• TASK BRIEF: What is needed here is each entry reproduced exactly, without its pictures.

** DATA FOR REVIEW follows **

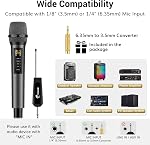 Microphone sans fil, TONOR UHF Mic sans fil métallique avec récepteur, pour Karaoké, chant, fête, mariage, DJ, Discours, 200ft(TW525)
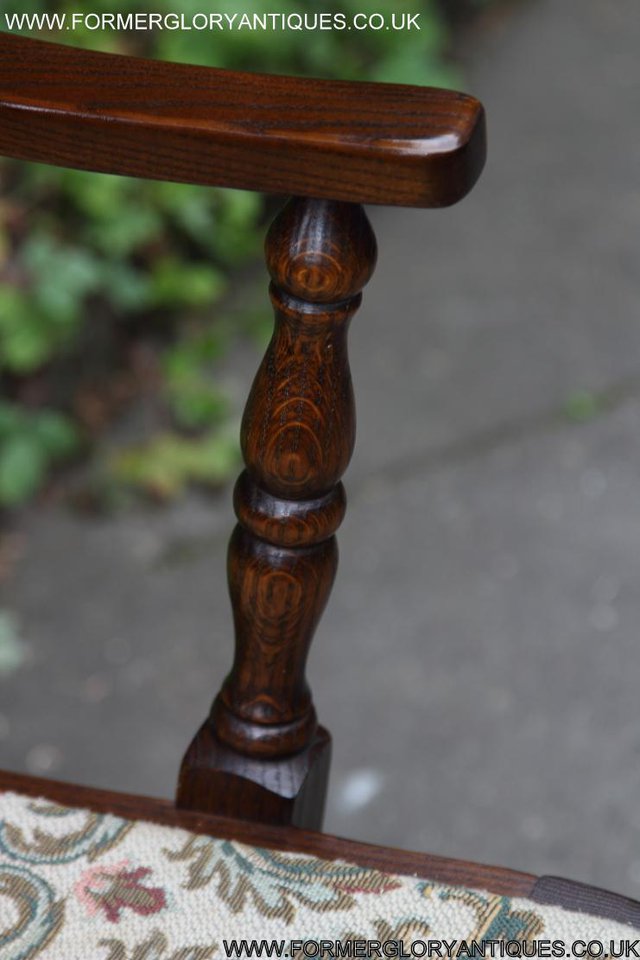 Image 16 of SIX OAK LADDER BACK OLD CHARM STYLE DINING CHAIRS ARMCHAIRS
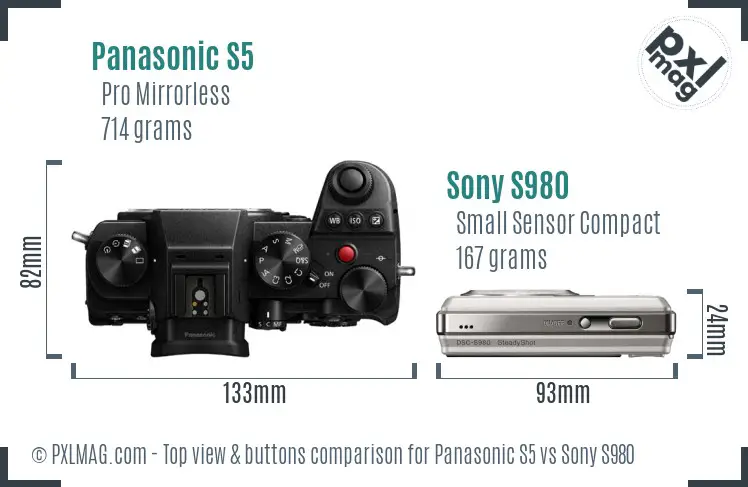 Panasonic S5 vs Sony S980 top view buttons comparison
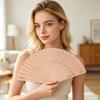 Wooden Folding Fan with Hollow Ribs Chinese Japanese Style Vintage Hand Fan Portable Wedding Dance Party Decorative Handheld Fan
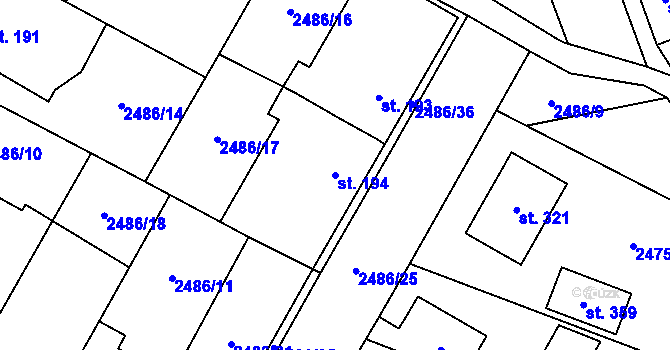 Parcela st. 194 v KÚ Mrákotín u Telče, Katastrální mapa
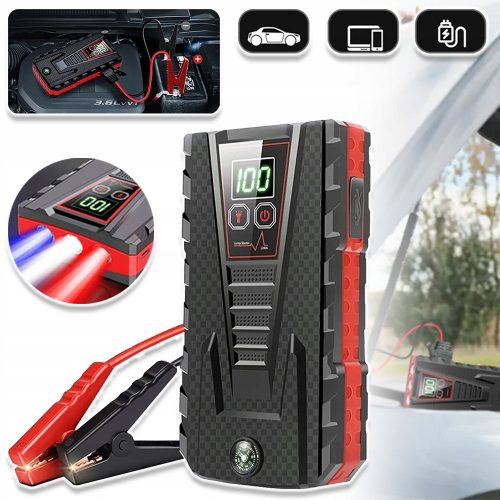  JUMP STARTER 12V MOTORSTART POWERBANK KOMPASSKABEL 2 X USB 30000 MAH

** End of DATA FOR REVIEW **

• SOLUTION TO THIS EXERCISE:
 Microphone sans fil, TONOR UHF Mic sans fil métallique avec récepteur, pour Karaoké, chant, fête, mariage, DJ, Discours, 200ft(TW525)
 Image 16 of SIX OAK LADDER BACK OLD CHARM STYLE DINING CHAIRS ARMCHAIRS
 Panasonic S5 vs Sony S980 top view buttons comparison
 Wooden Folding Fan with Hollow Ribs Chinese Japanese Style Vintage Hand Fan Portable Wedding Dance Party Decorative Handheld Fan
 Parcela st. 194 v KÚ Mrákotín u Telče, Katastrální mapa
  JUMP STARTER 12V MOTORSTART POWERBANK KOMPASSKABEL 2 X USB 30000 MAH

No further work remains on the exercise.